BIANA is similar to other web servers that provide access to repositories of biological interactions. However, BIANA is different in the following aspects: 1) does a real integration of repositories, regardless of the type of identifiers used in the repositories; 2) is not limited to protein interactions and all types of biological interactions can be added; 3) provides users with analysis tools of the integrated networks. Furthermore, the BIANA webserver allows inputting multiple bioentities one by one or from external files, and codified in different identifier types.

Execution process
  • Provide a name for the experiment, and enter your email (we will send you an email when your results are ready)
  • Add seed bioentities for your network: these are the bioentities for which BIANA will search interactions. You can add seeds one by one, providing a file with seeds (one id per line, or two columns in each line: first is the id type, second the identifier), or asking for the network of a species. Please, keep in mind that creating the network for a species takes a long time and involves a high load: don't ask for species networks unless you really need them.
    • The embedded identifier tags can be the following: uniprotentry, uniprotaccession, genesymbol, geneid, refseq, proteinsequence, cygd, ec, encode, ensembl, flybase, hgnc, ipi, gi, accessionnumber (for NCBI accession number), nucleotidesequence, orfname, pdb (for PDB.chain), pir, sgd, tair, unigene, wormbase, ypd
    • One example of file with seed bioentities could be one with the three following lines:
      HDA1_YEAST
      MNP1_YEAST
      HSP82_YEAST
    • The same example but embedding the identifier type would be:
      uniprotentry HDA1_YEAST
      uniprotentry MNP1_YEAST
      uniprotentry HSP82_YEAST
  • Next, you set the output identifier type you wish to use for your outputs. If you select Gene Symbol, all bioentities will be identified with their corresponding gene symbols (if applicable).
  • Select the depth to which you want to develop the network: a depth of 1 will create a network containing the seeds and their direct interaction partners. A depth of 2 will add to this network the interaction partners of the partners. And so on...
  • If you want to access to more options (for advanced users), click on 'More Options'.
  • You can ask BIANA to predict interactions for your seed bioentities, based on interology. Basically, if two bioentities shared a certain feature (that the user can select in the associated select form), BIANA will assumme that they also share interactions.
  • If you are interested in a certain type of relation, you can fix it by setting the relation type
  • Set now the BIANA DB release. Leave it to the default version if you are not trying to reproduce a previous experiment: the highest release is always the most complete version of the BIANA database
  • Choose whether you want BIANA to use all repositories or you are just interested in a few ones
  • Choose whether you want BIANA to use all detection methods or you are just interested in a few ones
  • Use the special bioentities section to tag those bioentities that you want to see differentiated afterwards in your results. For example, if you have two files, one with genes that are overexpressed in a microarray experiment and another with those genes that were underexpressed, you can map this information to the network by creating the labels 'under' and 'over'.
  • Now, tell BIANA which outputs you want to obtain: HTML table with interactions, SIF network and HTML table with information for all bioentities.
  • Run BIANA by clicking on the button
  • Wait for an email telling you that the results are ready (with a link to the report)
Useful tips
  • The input files you provide to BIANA must all follow the same rule: one bioentity per line. Alternatively, you can also have an extra column (separated by a tabulator) where you first specify the identifier type of the bioentitiy. For example, a file with one single bioentity would have one line "uniprotentry[tabulator]ACE_HUMAN". In this case, you will have to set the select box of identifier types to 'embedded'. For all identifier type tags see the above section 'execution process'.
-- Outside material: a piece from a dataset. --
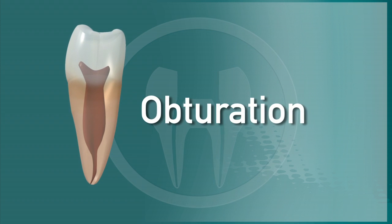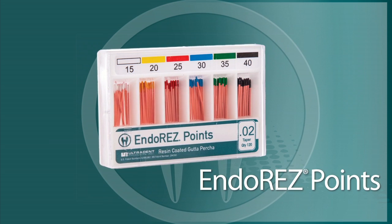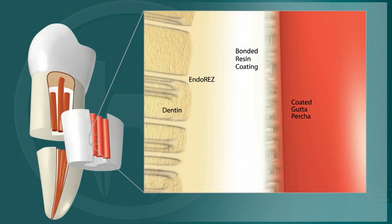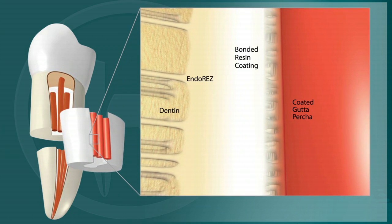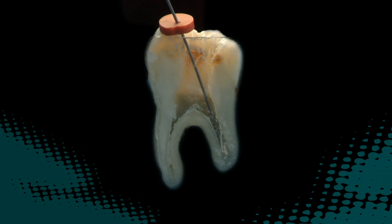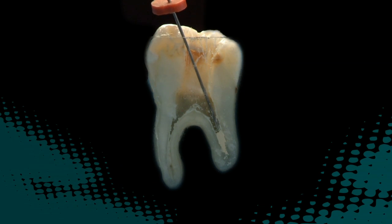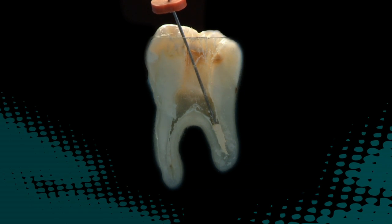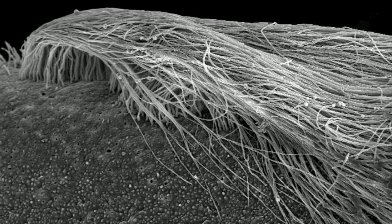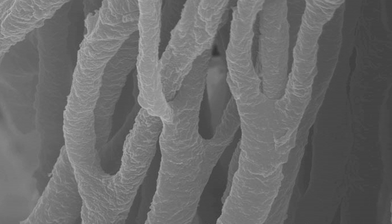We are now ready to move on to the obturation portion of the procedure. The EndoRes system includes EndoRes points, which are gutta percha points with a unique resin coating that allows the gutta percha to bond covalently to the EndoRes sealer. EndoRes is ideally delivered apically via a 29-gauge Navi tip, eliminating gaps and voids. No pressure or heat is required. The sealer's hydrophilic feature allows it to follow residual moisture deep into the dentinal tubules and readily flow into intricate canal spaces and auxiliary canals.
  • Every input in the formulary has its associated help: just pass the mouse over the text that describes the input and a small window will describe the information that is expected from you.
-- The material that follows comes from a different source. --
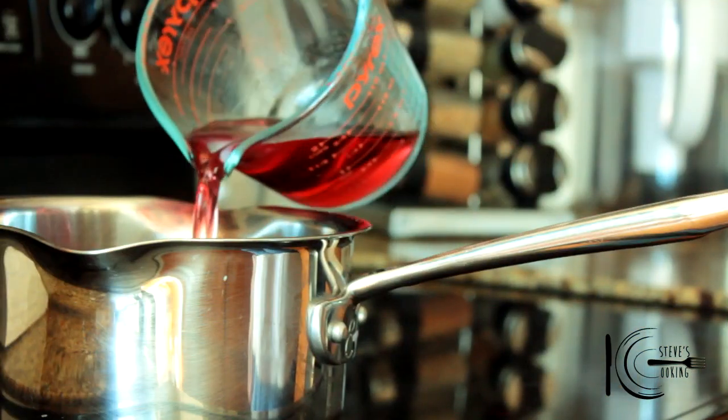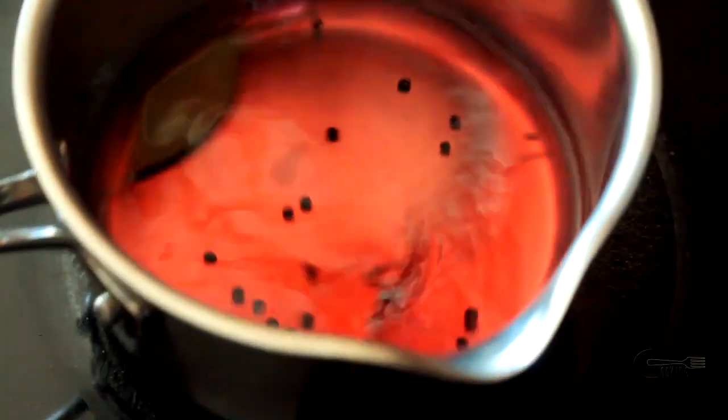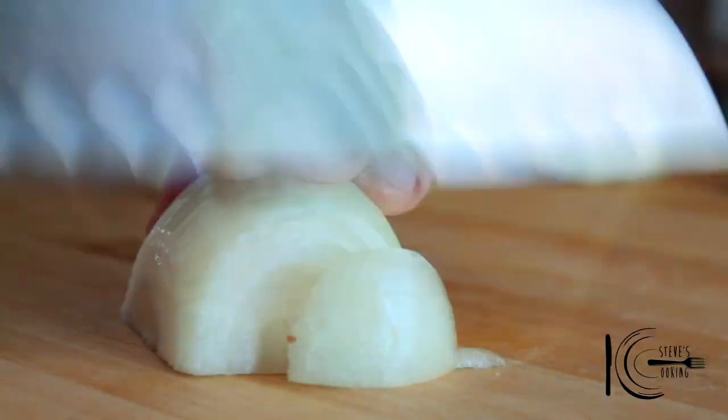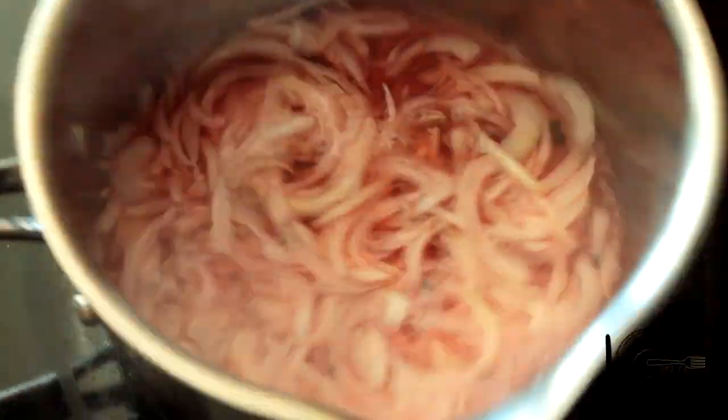To make the pickled onions add red wine vinegar to a pan, followed by sugar, bay leaf and black pepper corns. Now stir on a low heat until the sugar is dissolved. Next slice the onions, add to the pan, now bring up to a boil and simmer 10 minutes.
  • You can choose which type of relation between bioentities you want to use. For example, if you are just interested in creating a network with physical interactions, you can restrict the network to contain such relation types.
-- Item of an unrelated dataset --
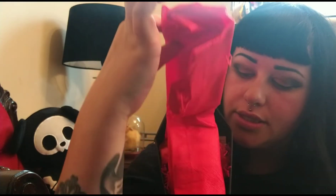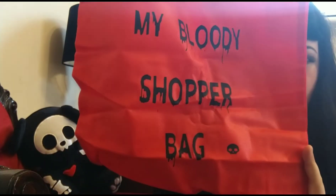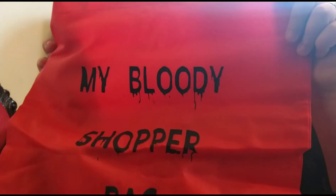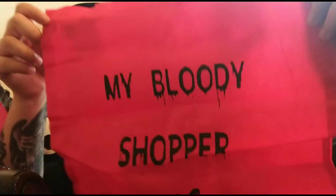Whoa, lots and lots of red! So the first thing I'm taking out - I'm guessing this is a bag - it's my Bloody Shopper bag. It's basically just like one of those tote bags that you can reuse, kind of like the 'every time I laugh I'm coughing' bag that I got in one of my first Box of Goths.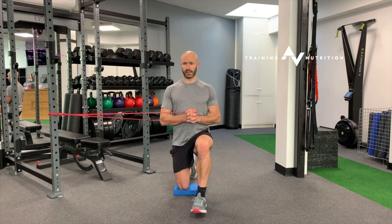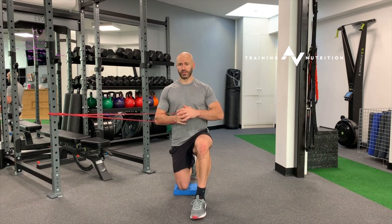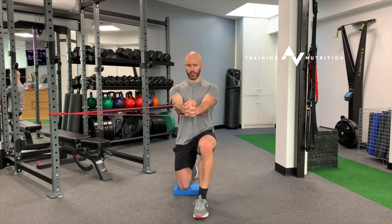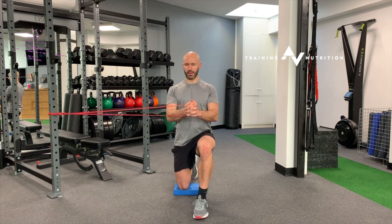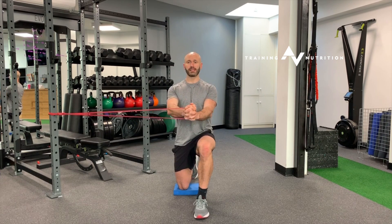Bring the bar into the center of the ribcage, keep the glute on the leg closest to the band. Inhale, exhale and press, and you're resisting the desire to be rotated towards the band.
  • When printing your network you can choose between these options:
    • All bioentities and interactions: prints the complete network
    • Seeds and linker bioentities: prints seeds, linkers (a 'linker' is a bioentity that connects at least 2 seeds) and interactions between them.

  • You can ask BIANA to add predictions to the network based on interology (http://en.wikipedia.org/wiki/Interolog). In this type of predictions, BIANA assumes that if two bioentities share a certain characteristic (e.g. COG) then they will also share interaction partners.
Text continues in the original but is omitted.